Compared to the humans, the demons (in the nebulous glimpses we've seen) actually have the right idea in killing all the humans. There isn't much to save between the religious intolerance and the violence and the institutionalized rapes and the lack of roles for women and the constant demands to make babies that no one wants so they can be thrown as a diversion into the war against the demons.

If I were a woman in this book's world, I would kill myself after spending some time explaining to all the other women that the only thing that's going to stop the ill treatment is for there to be no women to be abused and impregnated. It might mean the end of humanity, but there isn't anything worth saving there anyway.

Of course, if I were a woman in that world, I wouldn't actually be aware that there were other options. Sapir-Whorf. When there aren't words for it, the concept cannot exist. That's what oppresses women in Islamic countries now. Even though it's obvious to the rest of the world that they're abused, even though we could probably make room for them as refugees, they don't actually leave.
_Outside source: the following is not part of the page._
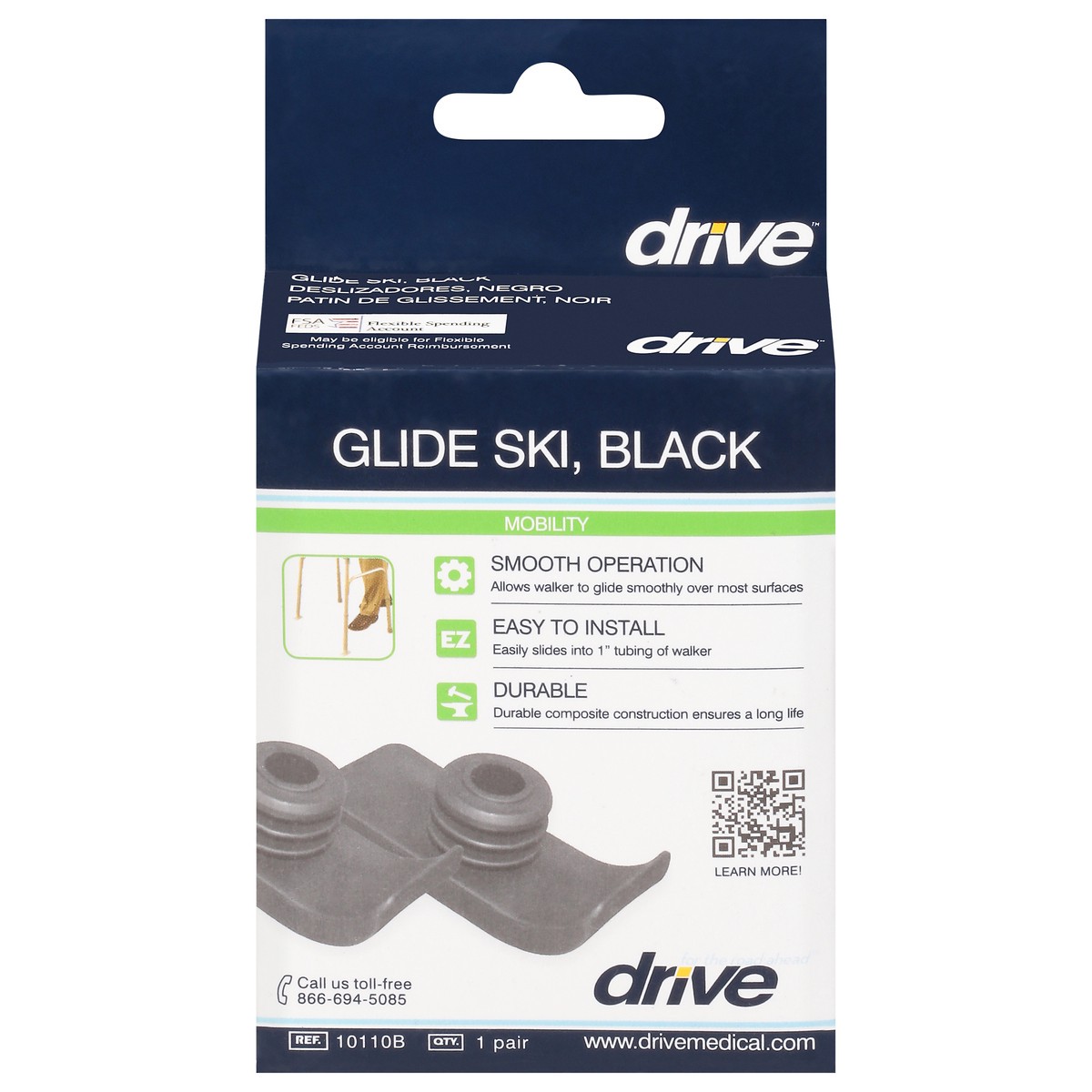 slide 1 of 9, Drive Black Glide Ski 1 ea, 1 ct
Of course we can't bring them to America which continually passes laws restricting the rights of women to be full-fledged human beings in the false name of Jesus. I just cannot imagine the Jesus as described in the canonical texts being as much of an asshole as the overtly god-ridden men running the government...
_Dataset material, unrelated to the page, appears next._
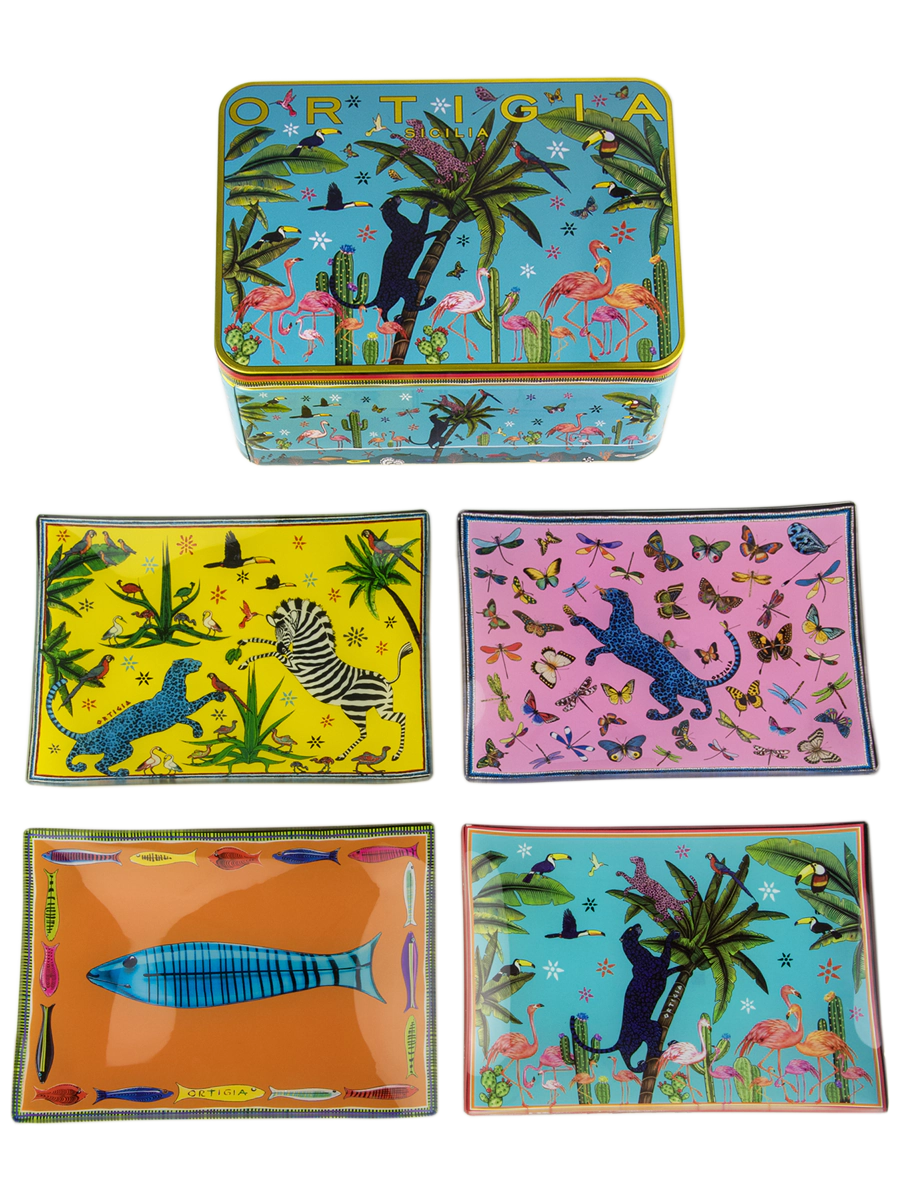 Tin Jungle 4 Glass Plates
So, anyway, The Desert Spear is mediocre-ly written compared to the first book, it needed to have bucketloads of boring shit excised, it needed to actually have a fucking plot (one with less unwanted fucking too), and it's guilty of the author not having an imagination sufficient to writing a world that doesn't just import all the current problems. Without the boring shit parts where we're shown the villain learning to be a bigger asshole, the book is just a repositioning cruise. Characters are shuffled around so they're in the right spots when something happens later. There wasn't any real reason for this book to exist, it could have been summed up by a chapter explaining the new evil invading and how X, Y, and Z were sent to "Paris" to bargain for troops. Instead we have a whole book of religious fanaticism and rape fantasy porn.


I won't be reading the third book or anything else by the author.